1

I have this large file with the follow format:

Unique String \t Information

In my program I need to read this file to get the Information through the Unique String key. Since the performance is important, I can't read each line looking for the key everytime, besides I can't load the file in memory because it is too heavy. Then I'd like to read the file only once and then build an index with the String key and the position(in byte) of that in file. This index is something like a HashMap with the key been the Unique String and the value been the bytes in file where the key appears.

Seems that RandomAccessFile could do this, but I don't know how.

So, how can I build this index and then access an specific line by this index?

Marcelo Machado
  • 1,179
  • 2
  • 13
  • 33
  • 1
    Hint: `HashMap`would be useful. – jack jay Feb 06 '17 at 20:56
  • @BackSlash There is no problem to read the file to build the index, since it will be done only one time. What I need is to build the index(in bytes) to jump to the specific byte. The question that you said is duplicated there is no solution to build this index. – Marcelo Machado Feb 06 '17 at 21:05
  • @jackjay I think so, but I don't know how to access the specific byte – Marcelo Machado Feb 06 '17 at 21:10
  • @MarceloMachado what do you mean by "build an index to access a specific byte" - is it a specific byte for specific key ? why can you use HashMap where the key is the unique string and the value is byte array ? – Mzf Feb 06 '17 at 21:12
  • @MarceloMachado `I need to read this file to get the Information through the Unique String key` is much more important for solution rather than building an index. Once you make map you dont need to read specific byte from file. – jack jay Feb 06 '17 at 21:16
  • @Mzf maybe my question is not good enough to understand, but perhaps you could help-me. What I want is exactly this you said. How can I create this HashMap with these bytes and how can I go to this specific byte in a text file? – Marcelo Machado Feb 06 '17 at 21:17
  • @MarceloMachado again I'm not sure what are you asking.... (1) given a uniqe string - get a byte in a specific location (2) given a byte - find where this byte is located in the file. which one did you mean ? – Mzf Feb 06 '17 at 21:19
  • @Mzf The problem is I can't read each line of the file looking for the String because it is too slow. Then I need to access the line directly, to do this I think I need an Index that store the key and the bytes that indicates where your cursor should go to get the information. What I don't know is how to do so! – Marcelo Machado Feb 06 '17 at 21:32
  • @jackjay You say a map with the key been the unique String and the value been the information? If so, I can't do this because is too much thing to put in memory. – Marcelo Machado Feb 06 '17 at 21:34
  • @MarceloMachado so a HashMap between key to the line of the key is what you are looking for ? according to the next - it's not possible: http://stackoverflow.com/questions/2312756/how-to-read-a-specific-line-using-the-specific-line-number-from-a-file-in-java – Mzf Feb 06 '17 at 21:35
  • @Mzf This is what I want, but look at szgal comment.
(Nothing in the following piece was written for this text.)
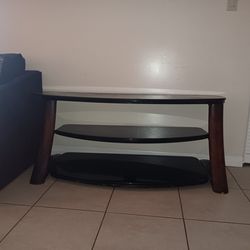 55" Tv Stand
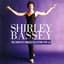 Shirley Bassey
He said "And, without having an index of the positions of a byte in a file, the only way to know where those bytes are is to read it and look for it". what I want is to create this index! – Marcelo Machado Feb 06 '17 at 21:43
  • @MarceloMachado I have added a compile-able example to my answer. – matt Feb 07 '17 at 07:08

2 Answers2

2

The way I am going to suggest is to read the file, and keep track of the position. Store the position along the way in a map so you can look it up later.

The first way to do this is to use your file as a DataInput, and use the RandomAccessFile#readline

RandomAccessFile raf = new RandomAccessFile("filename.txt", "r");
Map<String, Long> index = new HashMap<>();

Now, how is your data stored? If it is stored line by line, and the ecoding conforms to the DataInput standards, then you can use.
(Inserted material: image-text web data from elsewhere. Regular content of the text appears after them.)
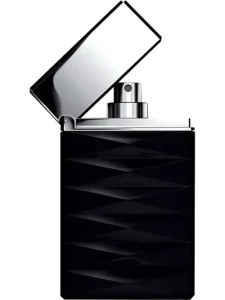 ARMANI ATTITUDE Cologne For Men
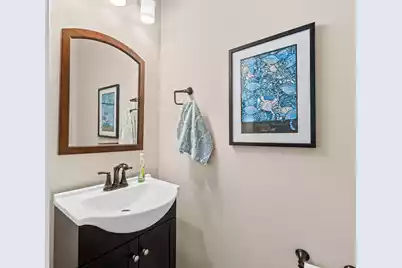 4780 Horse Drawn Way, Summerville, SC 29485 - Photo 7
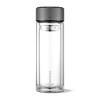清享双层玻璃杯DQXB-300 300ml 商品缩略图0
long start = raf.getFilePointer();
String line = raf.readLine();
String key = extractKeyFromLine(line);
index.put(key, start);

Now anytime you need to go back and get the data.
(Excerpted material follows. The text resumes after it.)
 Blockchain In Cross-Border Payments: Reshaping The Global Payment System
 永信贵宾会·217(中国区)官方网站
long position = index.get(key);
raf.seek(position);
String line = raf.readLine();

Here is a complete example:

package helloworld;

import java.io.IOException;
import java.io.RandomAccessFile;
import java.util.HashMap;
import java.util.Map;

/**
 * Created by matt on 07/02/2017.
 */
public class IndexedFileAccess {
    static String getKey(String line){
        return line.split(":")[0];
    }
    public static void main(String[] args) throws IOException {
        Map<String, Long> index = new HashMap<>();
        RandomAccessFile file = new RandomAccessFile("junk.txt", "r");
        //populate index and read file.
        String s;
        do{
            long start = file.getFilePointer();
            s = file.readLine();
            if(s!=null){
                String key = getKey(s);
                index.put(key, start);
            }
        }while(s!=null);

        for(String key: index.keySet()){
            System.out.printf("key %s has a pos of %s\n", key, index.get(key));
            file.seek(index.get(key));
            System.out.println(file.readLine());
        }
        file.close();

    }
}

junk.txt contains:

dog:1, 2, 3
cat:4, 5, 6
zebra: p, z, t

Finally the output is:

key zebra has a pos of 24
zebra: p, z, t
key cat has a pos of 12
cat:4, 5, 6
key dog has a pos of 0
dog:1, 2, 3

There are many caveats to this. For example, if you need a more robust encoding, then the first time you read it you'll want to create a reader that can manage the encoding, and just use your RandomAccessFile as an input stream. The readLine() method will fail if the lines are too large. Then you would have to devise your own strategy for extracting the key/data pair.

Marcelo Machado
  • 1,179
  • 2
  • 13
  • 33
matt
  • 10,892
  • 3
  • 22
  • 34
  • That is exactly what I was looking for! – Marcelo Machado Feb 06 '17 at 21:54
  • Matt I did what you said, but I am having a little problem, when I do this: long position = index.get(key); raf.seek(position); System.out.println(raf.readLine()); The result is always the next line. And the lengh of the line is not fixed – Marcelo Machado Feb 06 '17 at 22:51
  • @MarceloMachado I don't quite follow, the best case scenerio would be to make an example. Eg. What are you trying and what do you get. – matt Feb 07 '17 at 06:59
1

I need to read this file to get the Information through the Unique String key.

With respect to above question of yours, you have to read file line by line, split the read string using split() and put the values in Map as follows,

try {
  FileReader fileReader = new FileReader(fileName);

  BufferedReader bufferedReader = new BufferedReader(fileReader);

  Map<String, int> map = new HashMap<String, int>();
  int byte = 0;

  while((line = bufferedReader.readLine()) != null) {

           String arr[] = line.split("\t");  //make sure your file conatins data as you specified.
           map.put(arr[0], byte);

           byte += line.length() + 1;

  }   

  bufferedReader.close();         
 }
 catch(Exception ex) {
            System.out.println("unable to open file '" + fileName + "'");                
 }

Now you can access any information when you have specificString as follows,

 map.get("specificString"); // will return corresponding information as int type.
jack jay
  • 2,493
  • 1
  • 14
  • 27